• _Requirement_: Please make an exact copy of the lines from the one holding "Hey guys, welcome" through the end of the data, both ends included, with no pictures.

Records drawn from a dataset:
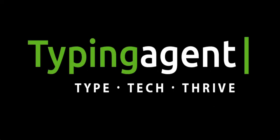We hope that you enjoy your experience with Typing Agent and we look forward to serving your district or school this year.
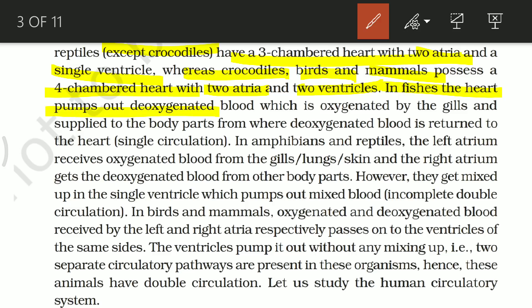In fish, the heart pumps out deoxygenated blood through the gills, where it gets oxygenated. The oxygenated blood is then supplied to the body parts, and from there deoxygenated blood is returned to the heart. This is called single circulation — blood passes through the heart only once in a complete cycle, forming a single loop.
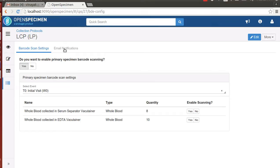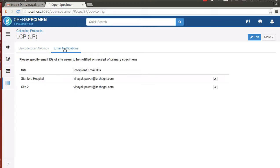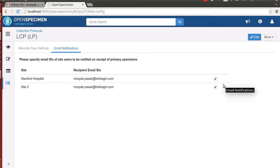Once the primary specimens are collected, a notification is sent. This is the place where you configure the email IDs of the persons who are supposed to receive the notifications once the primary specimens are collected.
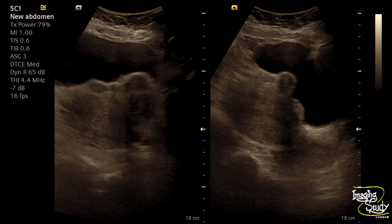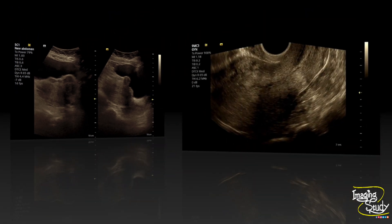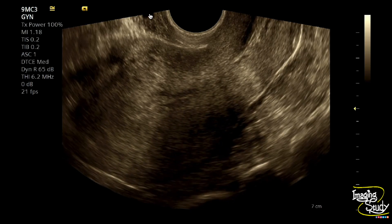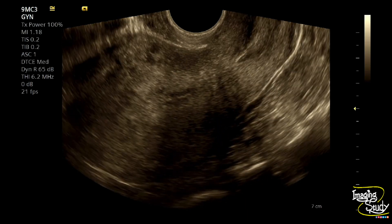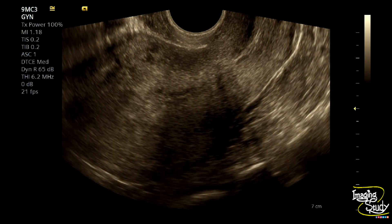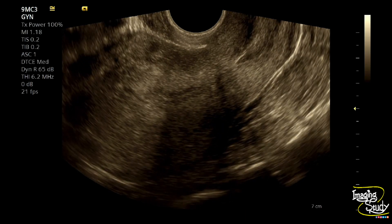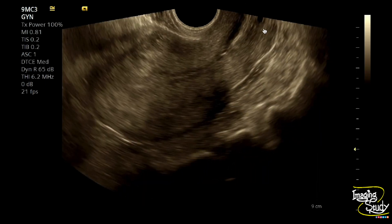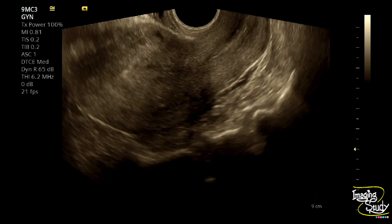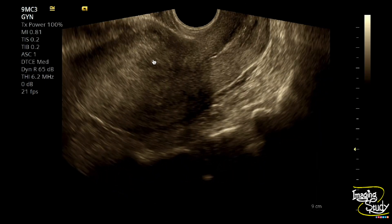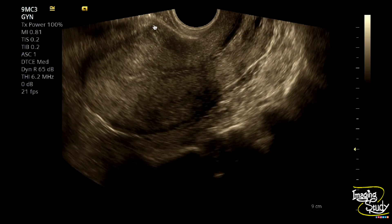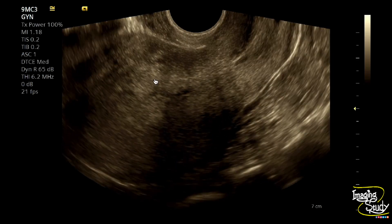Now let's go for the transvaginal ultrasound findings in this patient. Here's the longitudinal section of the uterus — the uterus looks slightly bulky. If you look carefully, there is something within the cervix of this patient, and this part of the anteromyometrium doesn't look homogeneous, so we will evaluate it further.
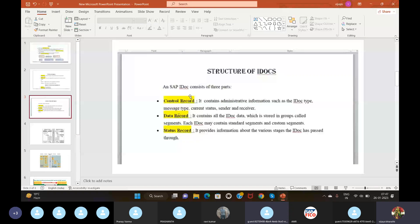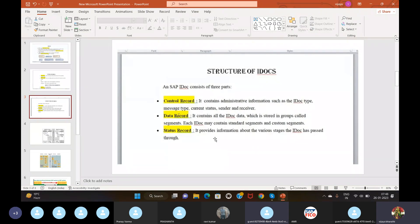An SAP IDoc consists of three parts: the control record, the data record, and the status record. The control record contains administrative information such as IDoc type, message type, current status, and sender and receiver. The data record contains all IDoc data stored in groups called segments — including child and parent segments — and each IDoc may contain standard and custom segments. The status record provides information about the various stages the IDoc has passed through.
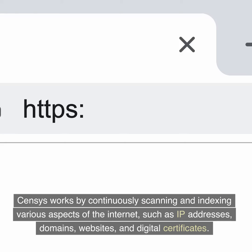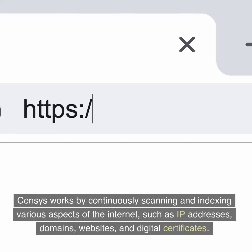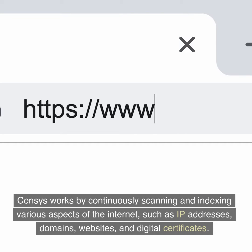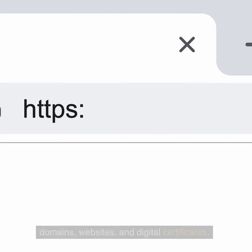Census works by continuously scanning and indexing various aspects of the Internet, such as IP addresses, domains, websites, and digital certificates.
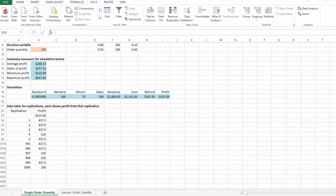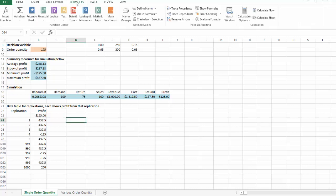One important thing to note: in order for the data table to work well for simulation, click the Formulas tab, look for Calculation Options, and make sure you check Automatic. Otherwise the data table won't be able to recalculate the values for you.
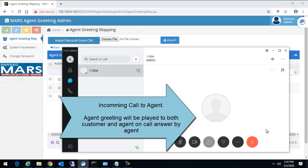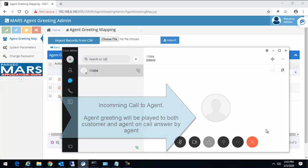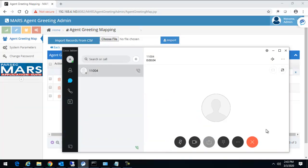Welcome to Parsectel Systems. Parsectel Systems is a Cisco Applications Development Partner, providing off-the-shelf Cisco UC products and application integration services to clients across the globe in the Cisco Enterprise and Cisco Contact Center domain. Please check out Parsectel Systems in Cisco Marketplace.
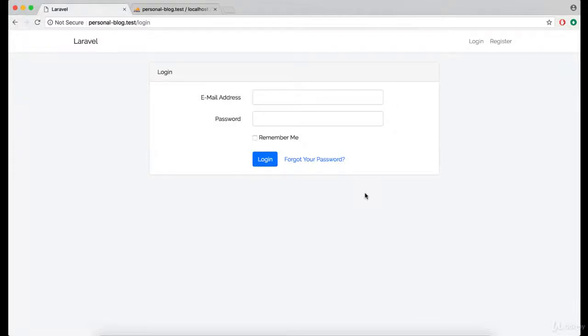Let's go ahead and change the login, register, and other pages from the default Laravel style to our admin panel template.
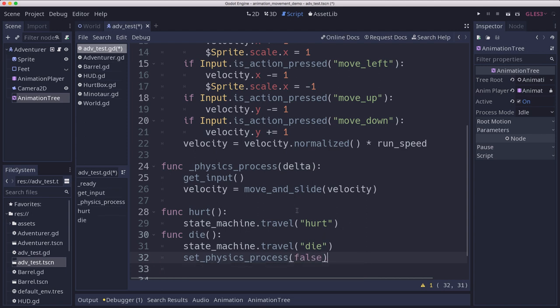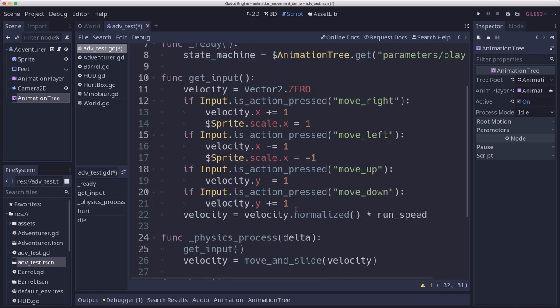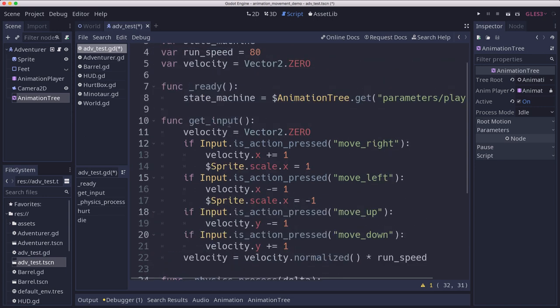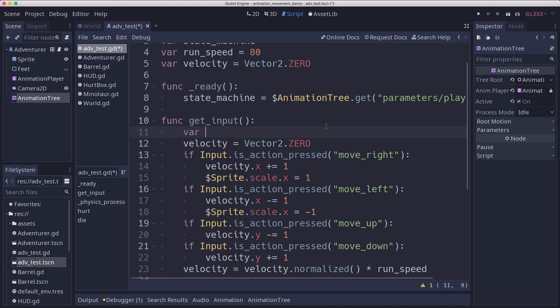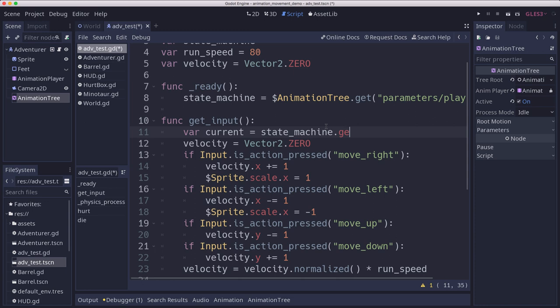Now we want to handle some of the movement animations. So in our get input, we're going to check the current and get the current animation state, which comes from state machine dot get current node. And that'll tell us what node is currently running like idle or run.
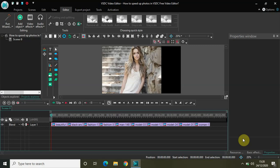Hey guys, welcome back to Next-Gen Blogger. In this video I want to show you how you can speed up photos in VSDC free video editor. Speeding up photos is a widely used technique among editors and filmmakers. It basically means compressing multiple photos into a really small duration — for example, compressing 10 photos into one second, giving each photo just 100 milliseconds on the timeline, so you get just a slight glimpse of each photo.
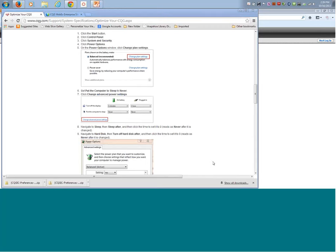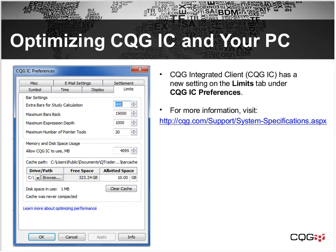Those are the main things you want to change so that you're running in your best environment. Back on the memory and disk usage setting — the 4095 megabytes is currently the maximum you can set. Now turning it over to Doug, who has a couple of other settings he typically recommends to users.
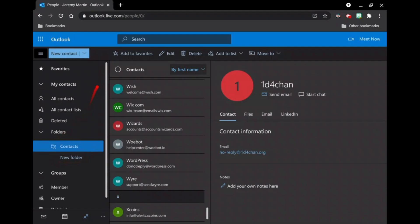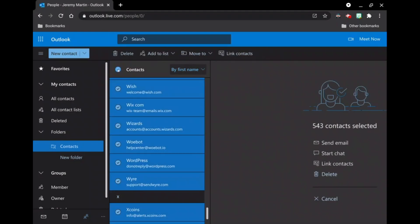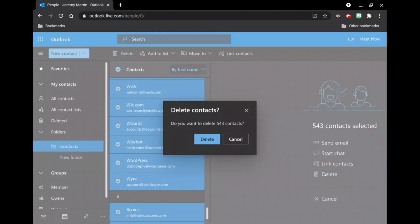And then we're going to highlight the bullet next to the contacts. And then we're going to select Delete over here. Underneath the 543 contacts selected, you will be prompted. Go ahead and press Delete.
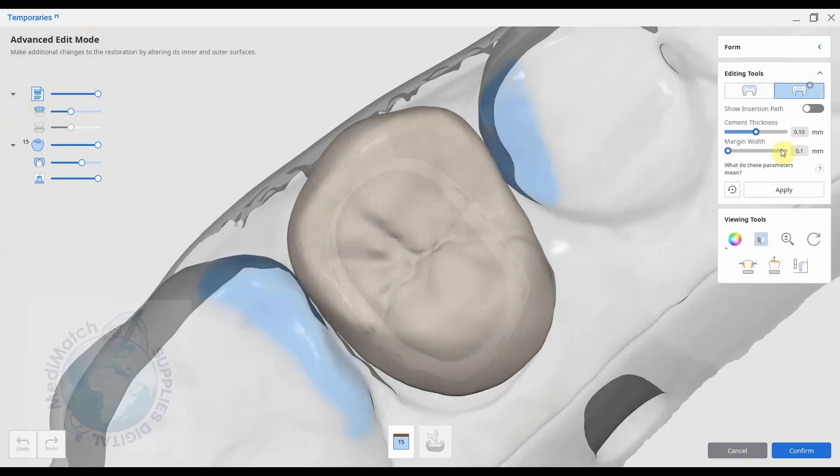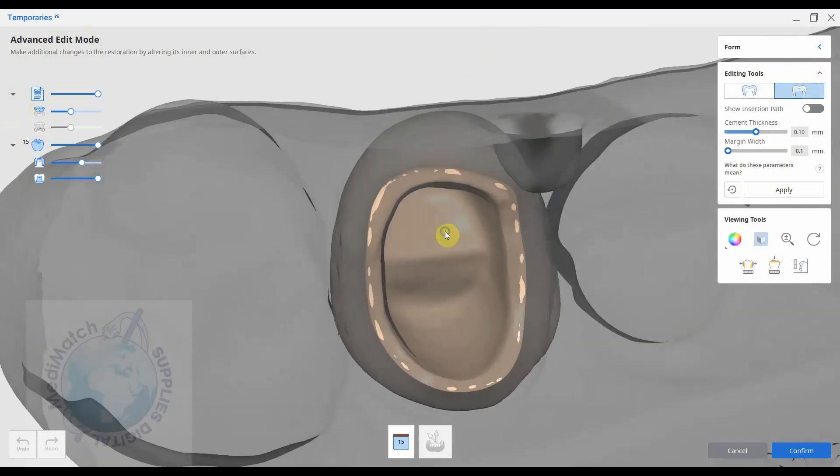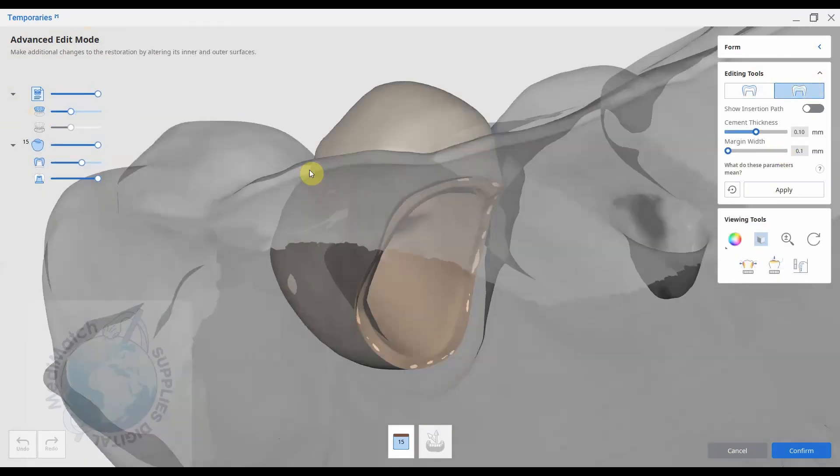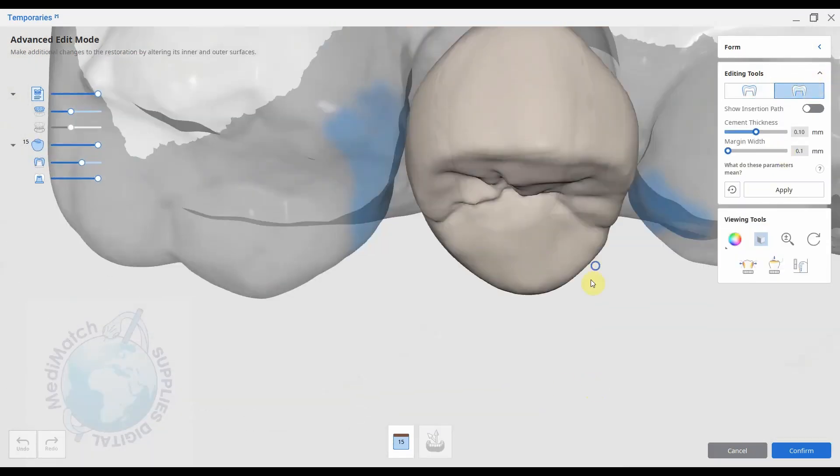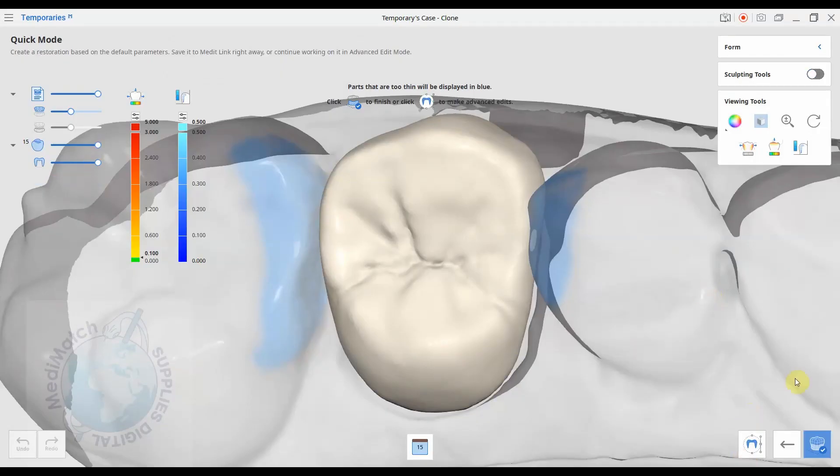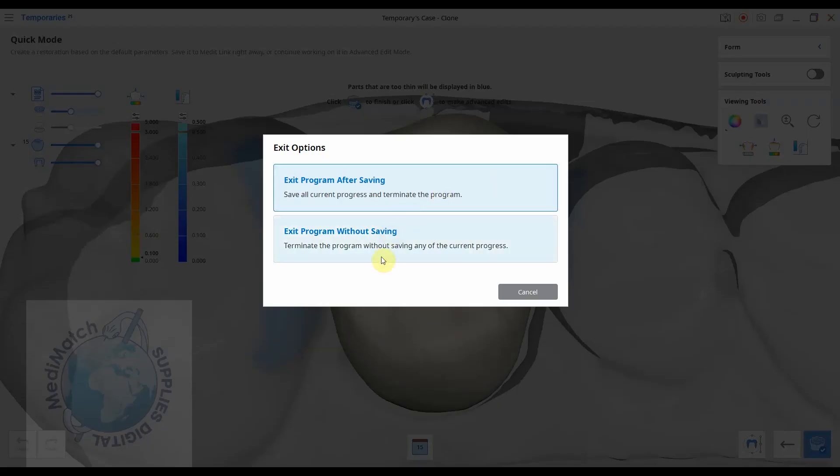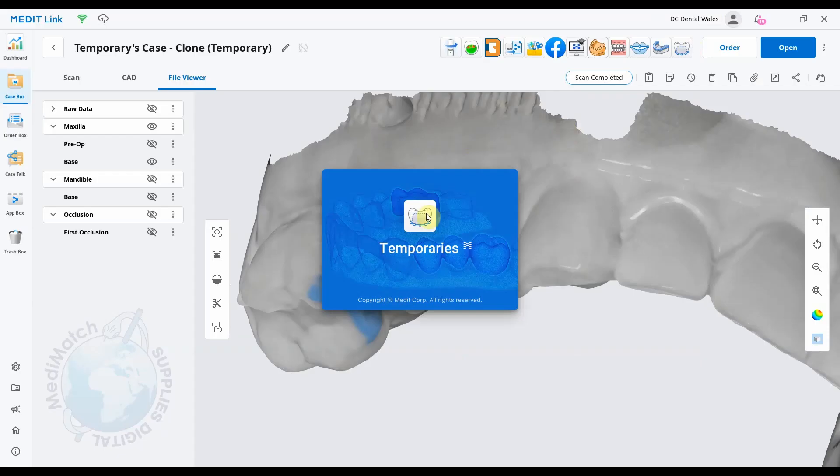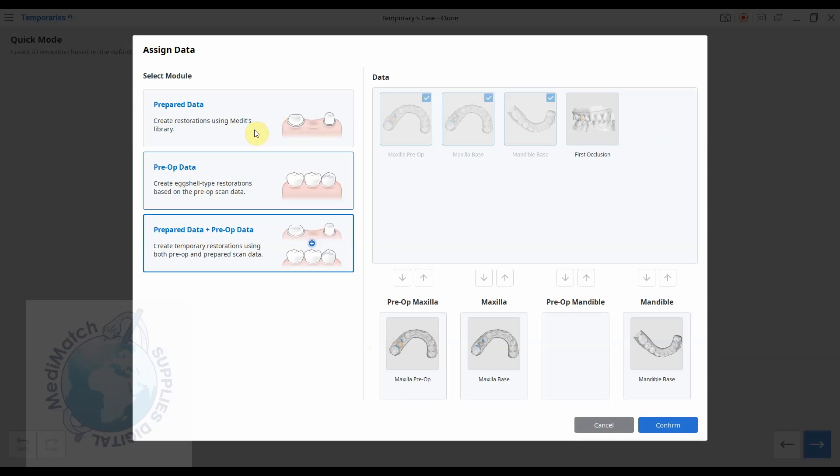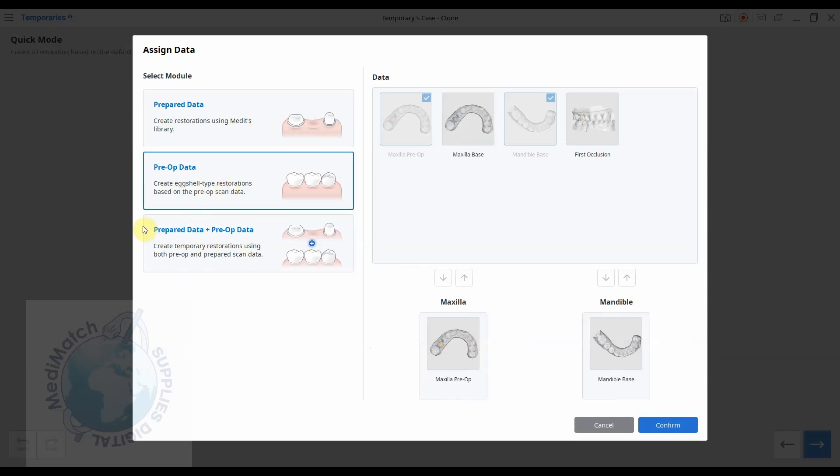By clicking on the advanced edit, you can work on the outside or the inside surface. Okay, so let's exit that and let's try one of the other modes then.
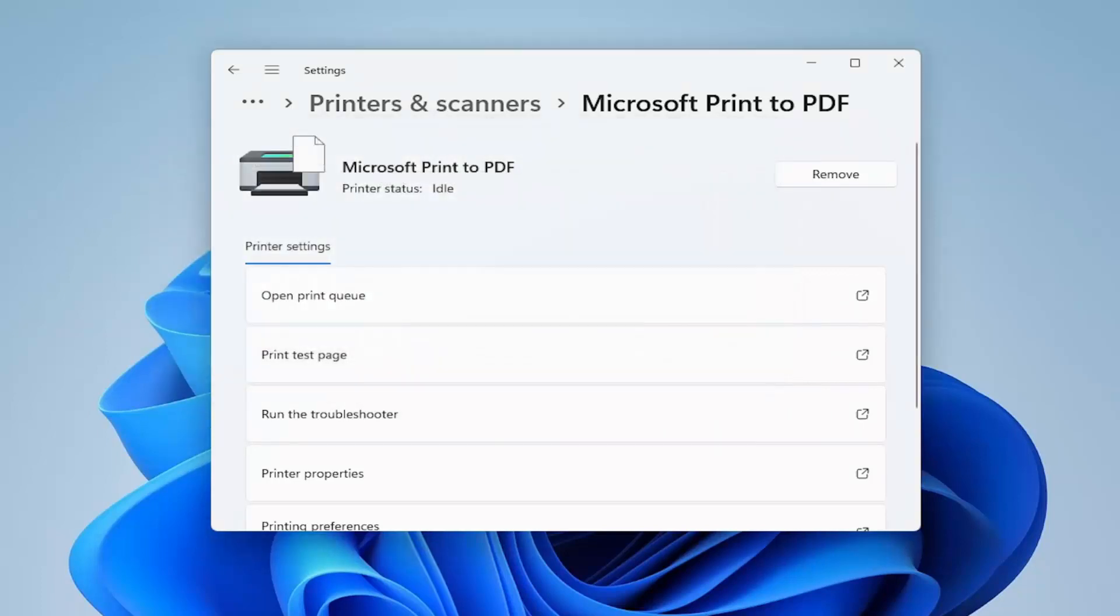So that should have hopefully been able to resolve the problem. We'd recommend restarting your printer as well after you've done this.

• _Finished task_:
Hey guys, welcome back to Next-Gen Blogger. In this video I want to show you how you can speed up photos in VSDC free video editor. Speeding up photos is a widely used technique among editors and filmmakers. It basically means compressing multiple photos into a really small duration — for example, compressing 10 photos into one second, giving each photo just 100 milliseconds on the timeline, so you get just a slight glimpse of each photo.
Those are the main things you want to change so that you're running in your best environment. Back on the memory and disk usage setting — the 4095 megabytes is currently the maximum you can set. Now turning it over to Doug, who has a couple of other settings he typically recommends to users.
And then we're going to highlight the bullet next to the contacts. And then we're going to select Delete over here. Underneath the 543 contacts selected, you will be prompted. Go ahead and press Delete.
By clicking on the advanced edit, you can work on the outside or the inside surface. Okay, so let's exit that and let's try one of the other modes then.
So that should have hopefully been able to resolve the problem. We'd recommend restarting your printer as well after you've done this.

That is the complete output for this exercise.